Lit of the Week – 4/19/16
Talan DA, Mower WR, Krishnadasan A, Abrahamian FM, Lovecchio F, Karras DJ,Steele MT, Rothman RE, Hoagland R, Moran GJ. Trimethoprim-Sulfamethoxazole versus Placebo for Uncomplicated Skin Abscess. N Engl J Med. 2016 Mar 3;374(9):823-32. doi: 10.1056/NEJMoa1507476. PubMed PMID: 26962903.
Clinical question / background:
- Compared to placebo, does administration trimethoprim-sulfamethoxazole improve cure rates of non-complicated cutaneous abscesses drained in the ED?
- Randomized, double-blind, placebo-controlled trial at 5 North American emergency departments
- 1265 patients randomized
- 636 TMP-SMX group
- 629 placebo group
- Inclusion: Patients (> 12 y/o) with uncomplicated cutaneous abscess diagnosed on physical or ultrasonographic exam that had been present <1 week and had a diameter of at least 2 cm with purulent discharge on drainage
- Exclusion: Suspected osteomyelitis or septic arthritis, diabetic foot decubitus, or ischemic ulcer, mammalian bite, IVDU, long-term care residence, incarceration, immunodeficiency (i.e.
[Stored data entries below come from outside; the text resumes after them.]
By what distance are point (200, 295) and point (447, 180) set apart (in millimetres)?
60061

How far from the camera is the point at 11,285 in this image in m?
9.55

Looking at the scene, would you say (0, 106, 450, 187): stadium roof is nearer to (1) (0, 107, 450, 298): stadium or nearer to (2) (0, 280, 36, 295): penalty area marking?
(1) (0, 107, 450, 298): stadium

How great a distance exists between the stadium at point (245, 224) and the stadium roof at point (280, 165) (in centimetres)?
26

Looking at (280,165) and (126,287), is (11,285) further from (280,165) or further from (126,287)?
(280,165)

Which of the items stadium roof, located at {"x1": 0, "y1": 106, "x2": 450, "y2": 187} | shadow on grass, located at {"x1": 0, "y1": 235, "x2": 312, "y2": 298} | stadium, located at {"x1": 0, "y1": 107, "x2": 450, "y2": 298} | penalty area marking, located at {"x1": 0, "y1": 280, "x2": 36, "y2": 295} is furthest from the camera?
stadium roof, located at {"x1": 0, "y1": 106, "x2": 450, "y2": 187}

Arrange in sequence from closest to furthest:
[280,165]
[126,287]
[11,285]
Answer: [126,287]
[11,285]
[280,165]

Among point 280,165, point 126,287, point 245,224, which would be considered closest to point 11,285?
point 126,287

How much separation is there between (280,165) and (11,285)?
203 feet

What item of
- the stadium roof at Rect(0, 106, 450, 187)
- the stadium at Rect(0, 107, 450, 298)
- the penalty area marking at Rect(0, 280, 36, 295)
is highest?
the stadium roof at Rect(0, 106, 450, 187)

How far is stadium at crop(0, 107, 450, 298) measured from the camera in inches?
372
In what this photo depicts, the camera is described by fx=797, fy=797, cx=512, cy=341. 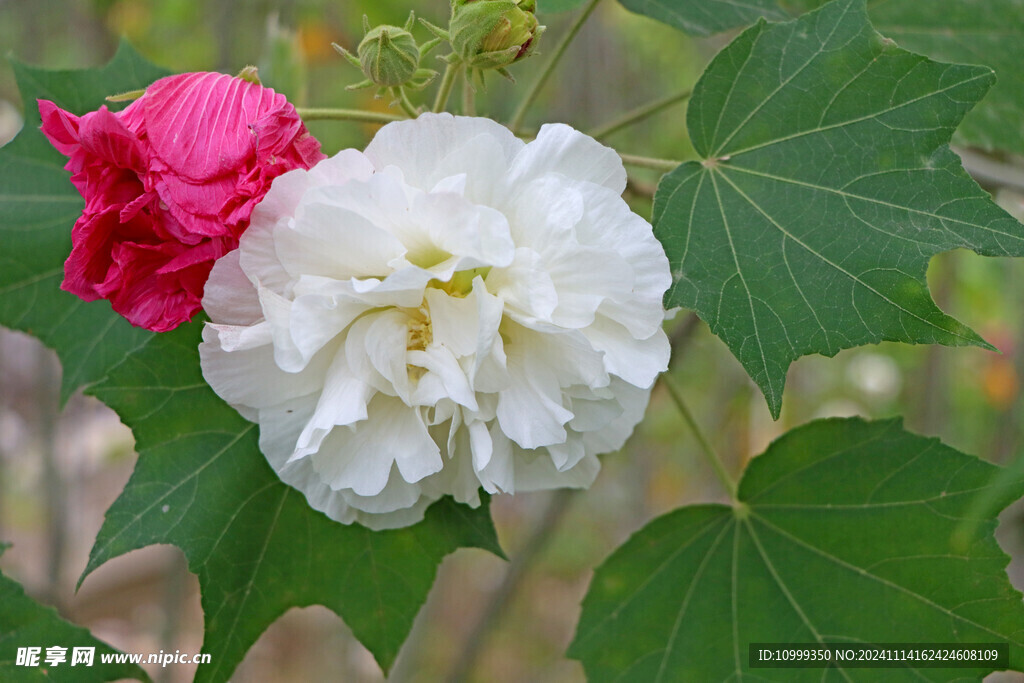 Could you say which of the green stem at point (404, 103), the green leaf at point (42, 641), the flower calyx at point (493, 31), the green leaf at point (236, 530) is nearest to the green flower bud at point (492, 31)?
the flower calyx at point (493, 31)

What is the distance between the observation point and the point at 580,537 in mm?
3871

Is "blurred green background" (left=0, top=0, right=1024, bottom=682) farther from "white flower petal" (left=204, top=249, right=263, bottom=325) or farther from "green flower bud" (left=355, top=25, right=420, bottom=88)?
"white flower petal" (left=204, top=249, right=263, bottom=325)

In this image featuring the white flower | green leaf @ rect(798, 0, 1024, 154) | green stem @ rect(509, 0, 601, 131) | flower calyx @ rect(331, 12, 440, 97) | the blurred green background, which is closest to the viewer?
the white flower

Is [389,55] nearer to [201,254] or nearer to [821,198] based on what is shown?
[201,254]

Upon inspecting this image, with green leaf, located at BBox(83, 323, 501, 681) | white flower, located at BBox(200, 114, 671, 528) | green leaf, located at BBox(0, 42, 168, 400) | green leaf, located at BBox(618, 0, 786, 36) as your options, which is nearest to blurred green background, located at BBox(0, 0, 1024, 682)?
green leaf, located at BBox(0, 42, 168, 400)

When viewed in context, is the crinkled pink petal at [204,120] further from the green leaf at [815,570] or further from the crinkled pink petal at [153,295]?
the green leaf at [815,570]

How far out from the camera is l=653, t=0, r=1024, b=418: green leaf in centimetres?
79

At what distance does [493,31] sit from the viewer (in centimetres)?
79

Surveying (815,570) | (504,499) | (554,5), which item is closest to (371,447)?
(554,5)

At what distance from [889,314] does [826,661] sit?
0.48m

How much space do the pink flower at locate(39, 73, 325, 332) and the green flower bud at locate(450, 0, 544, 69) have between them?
0.18m

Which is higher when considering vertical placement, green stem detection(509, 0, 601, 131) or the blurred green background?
green stem detection(509, 0, 601, 131)

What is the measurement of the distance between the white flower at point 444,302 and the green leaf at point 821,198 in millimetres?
113

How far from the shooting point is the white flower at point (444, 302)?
0.71m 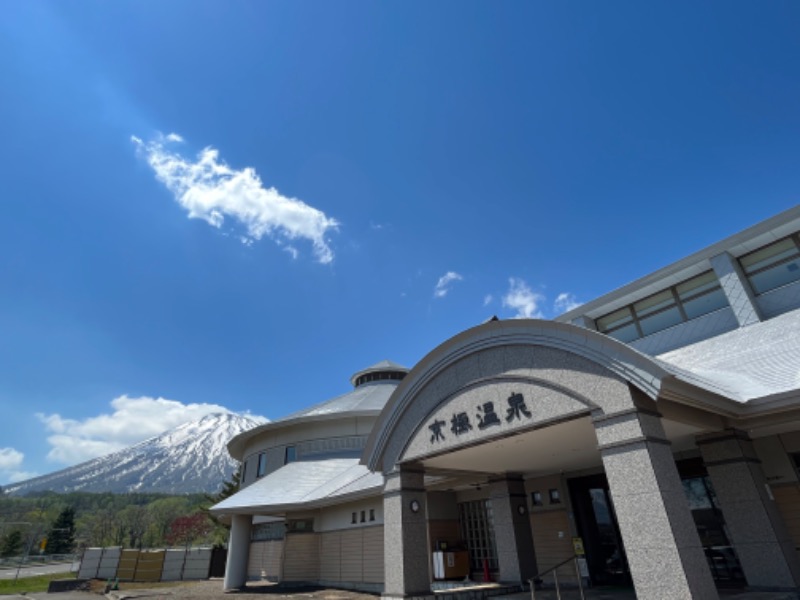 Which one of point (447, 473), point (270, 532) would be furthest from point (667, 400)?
point (270, 532)

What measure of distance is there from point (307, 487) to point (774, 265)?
1795cm

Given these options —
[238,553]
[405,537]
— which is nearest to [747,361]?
[405,537]

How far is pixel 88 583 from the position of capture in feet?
79.3

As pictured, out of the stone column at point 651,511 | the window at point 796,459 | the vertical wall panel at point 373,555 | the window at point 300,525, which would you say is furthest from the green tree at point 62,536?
the window at point 796,459

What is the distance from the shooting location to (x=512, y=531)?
12.3 metres

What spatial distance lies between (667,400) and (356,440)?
18.3 m

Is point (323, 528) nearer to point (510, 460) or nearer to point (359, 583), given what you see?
point (359, 583)

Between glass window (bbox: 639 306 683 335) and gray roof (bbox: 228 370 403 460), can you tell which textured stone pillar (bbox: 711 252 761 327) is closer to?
glass window (bbox: 639 306 683 335)

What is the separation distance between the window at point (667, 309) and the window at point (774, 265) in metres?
0.88

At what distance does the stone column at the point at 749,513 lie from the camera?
311 inches

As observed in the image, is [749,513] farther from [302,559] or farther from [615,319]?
[302,559]

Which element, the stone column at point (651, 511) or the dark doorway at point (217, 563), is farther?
the dark doorway at point (217, 563)

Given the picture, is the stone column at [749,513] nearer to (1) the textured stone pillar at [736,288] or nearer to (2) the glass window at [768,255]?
(1) the textured stone pillar at [736,288]

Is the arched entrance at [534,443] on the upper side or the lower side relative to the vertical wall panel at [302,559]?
upper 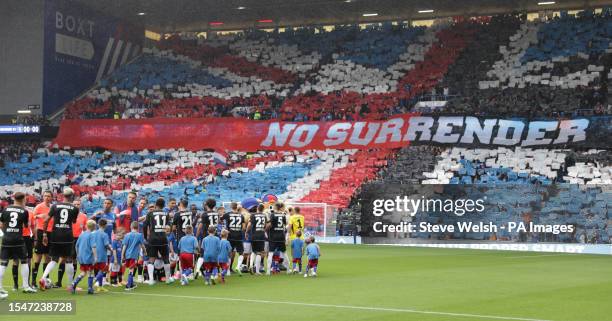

ANC <500/mm3), iommunosuppressive drugs, active chemotherapy, known AIDS, creatinine clearance <50mL/min, taking warfarin, phenytoin, or methotrexate, pregnant or lactating
- Analysis groups:
- Modified Intention-to-Treat: Participants who took at least one dose of the active drug or placebo and had an in-person or telephone assessment through the test-of-cure visit, as well as those who withdrew from the trial, were lost to follow-up before final classification, or had missing or unassigned outcomes
- Per-Protocol: Participants who either took ≥75% of the total doses of study drug or placebo during first 5 days and had an in-person test-of-cure or were determined to have had clinical failure before the test-of-cure visit and received ≥75% of the doses provided during the first 48 hours of the treatment period
Primary outcome: Clinical Cure of Abscess (Test-of-cure Visit = 7 – 14d after treatment period, Extended Follow–up Visit = 42 – 56d after treatment period)
- Secondary outcomes: Composite cure (i.e. resolution of all symptoms and signs of infection, or improvement such that no additional antibiotic therapy or surgical drainage procedure was necessary), surgical drainage procedures, changes in erythema size, invasive infections (sepsis, bacteremia, endocarditis, osteomyelitis, septic arthritis, necrotizing fasciitis, or pneumonia), skin infections at the same site and at a different site, hospitalizations, similar infection in household contacts, days missed from normal activities, days missed from work or school, days analgesics were used
- 320mg of TMP and 1600mg of SMX BID for 7 days
- 4 pills containing microcrystalline cellulose BID for 7 days
- Significant increase in cure rates in patients who received TMP-SMX compared to patients who received placebo in both analysis groups
- Clinical Cure of Abscess in Modified Intention-to-Treat Population:
- TMP-SMX: 507/630 patients (80.5%) vs Placebo: 454/617 patients (73.6%)
- Absolute Difference: 6.9% (2.1 – 11.7%), NNT = 14
- Clinical Cure of Abscess in Per-Protocol Population:
- TMP-SMX: 487/524 patients (92.9%) vs placebo: 457/533 patients (85.7%)
- Absolute Difference: 7.2% (3.2 – 11.2%), NNT = 14
- No difference between groups in secondary outcomes
- Patients with uncomplicated cutaneous abscesses had improved cure rates with a 7 day course of TMP-SMX compared to patients who received only a placebo
- Multicenter, double-blinded, randomized clinical trial
- Before initiation of trial, trial personnel underwent standardized training on the general technique and trial-specific procedures for I&D
- 4% of the MRSA isolates tested were susceptible to trimethoprim-sulfamethoxazole
- There was a moderate degree of nonadherence with only 64.7% of the study population determined to be 100% adherent and another 17.2% were 76 – 99% adherent. But this is probably what happens in everyday practice. This could bias the results against trimethoprim-sulfamethoxazole.
- This study provided a power of 90% to detect a between-group difference of 7.5%, which was not met by this study in any of its trial populations. The key to understanding this issue is to recall the difference between a superiority study and a non-inferiority study. This was a superiority study and hence a statistical difference can be found even if the observed delta is less than the delta used to power the study. Because the 95% CI did not cross zero, statistical significance was found. One has to determine, however, what is clinically significant as the threshold for clinical significance was not defined. Because the effect size was not huge, Dr. Talan and co-authors suggest that collaborative decision making with the patient should be used.